After a woman’s age, a little known fact is that male infertility is the biggest single factor influencing a couple’s chance of conception [40% sperm related cause].
In 10-20% of couples no cause will be found, this is called Unexplained Infertility, which can be particularly frustrating for you and your partner.
You may have undergone preliminary testing with your GP or referring gynaecologist. Your fertility specialist will review your results and history before recommending a treatment plan. Before we determine the best treatment plan for you, further investigations may be necessary and typically these can include: You’ll need a blood test to check whether or not you are ovulating, or producing an egg every month.
An ultrasound scan checks the lining of your womb (endometrium) and diagnoses any conditions that may be distorting the lining.
It allows us to check:
- If you have any fibroids or polyps, which could affect your cycle
- If you have any ovarian cysts
- How easy it will be to collect your eggs from the ovaries
- The size of your ovaries and if there are many small follicles.
It also gives us a baseline report to compare with later in your treatment.
Ovarian Reserve (AMH test)
We usually recommend having an AMH blood test to measure ovarian reserve hormone called Anti Mullerian Hormone (AMH). This simple blood test provides a very good estimate of the number of eggs that you still have in your ovaries. Your fertility specialist can then explain whether your ovarian reserve is ‘normal’ for your age
Checking your fallopian tubes and uterusAdditional tests may be needed to check your tubes are open (tubal patency), and the condition of your uterus and ovaries:
- Sonohysterogram or HyCoSy– a relatively non-invasive test, which involves an ultrasound and insertion of a tiny tube into the cervix to pass dye through the uterine cavity and tubes.

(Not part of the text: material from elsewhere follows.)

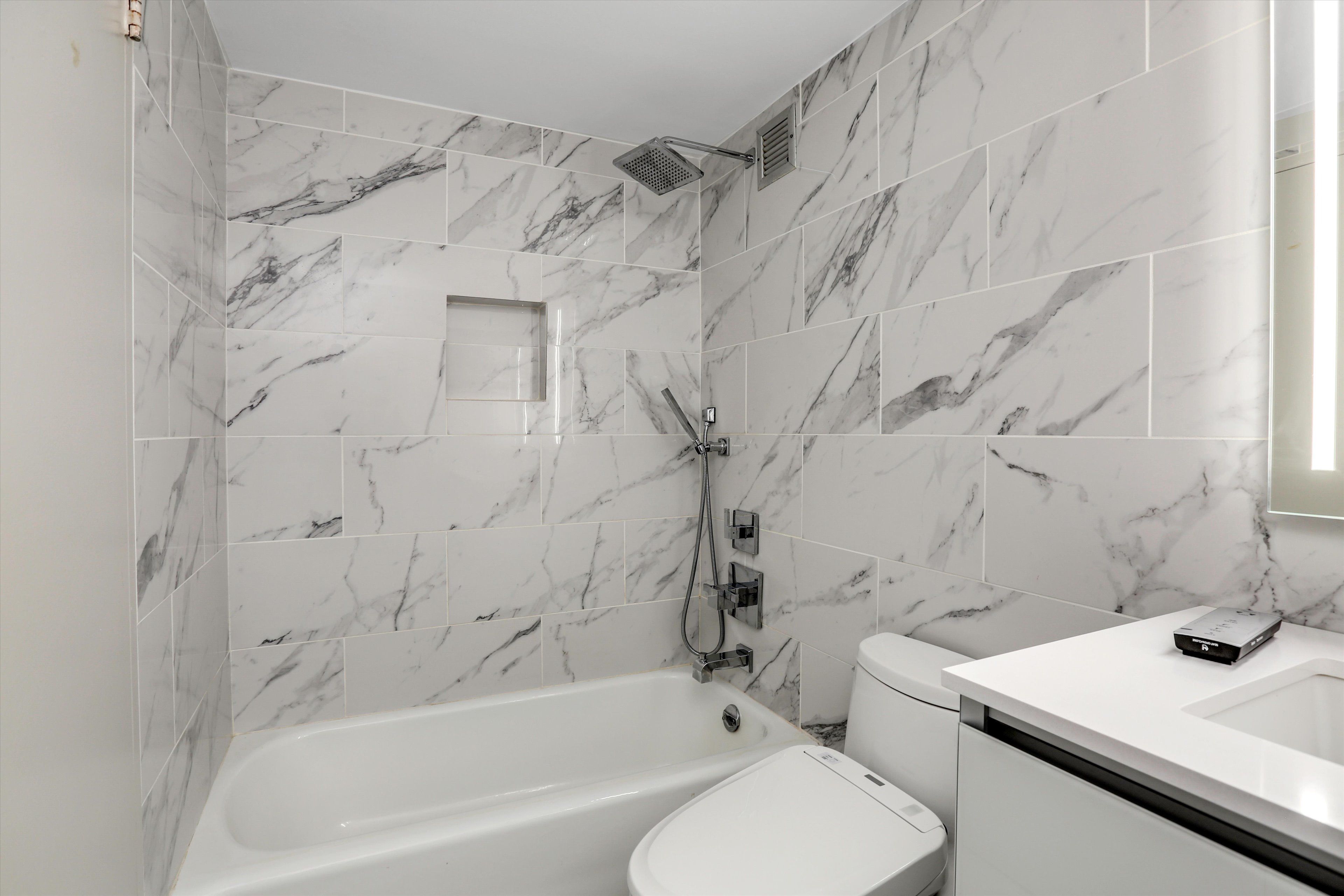 1300 E E LAFAYETTE Street 512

- Hysterosalpingogram – using X-rays to confirm the fallopian tubes are open (this does not provide any information about the ovaries and provides only limited information about the uterus).
Diagnostic laparoscopy and hysteroscopy
These tests are more invasive and so usually come last – in some cases you may not need the tests at all.

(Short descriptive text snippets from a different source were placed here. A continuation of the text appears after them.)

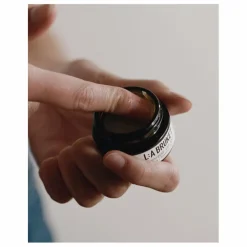 Discount L:A BRUKET Masque réparateur pour les lèvres - 15ml Non teinté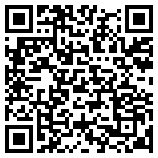 QR Code for Family Life Center in Cleveland, TX 77327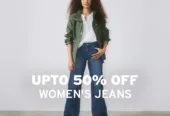 levis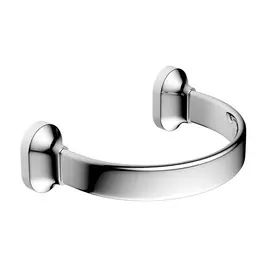 Полотенцедержатель ART&MAX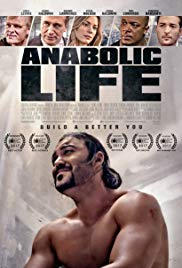 Anabolic Life (2017) Episode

Laparoscopy is performed under general anaesthetic. A fibre optic telescope (laparoscope) is passed through a small incision in the umbilicus and a manipulating probe is inserted through the pubic hairline, to view the ovaries, fallopian tubes, uterus and pelvic cavity for abnormalities. Tubal patency can also be checked by injecting dye through the uterus and observing its progress. Often two additional small incisions are made if treatment or pathology is required.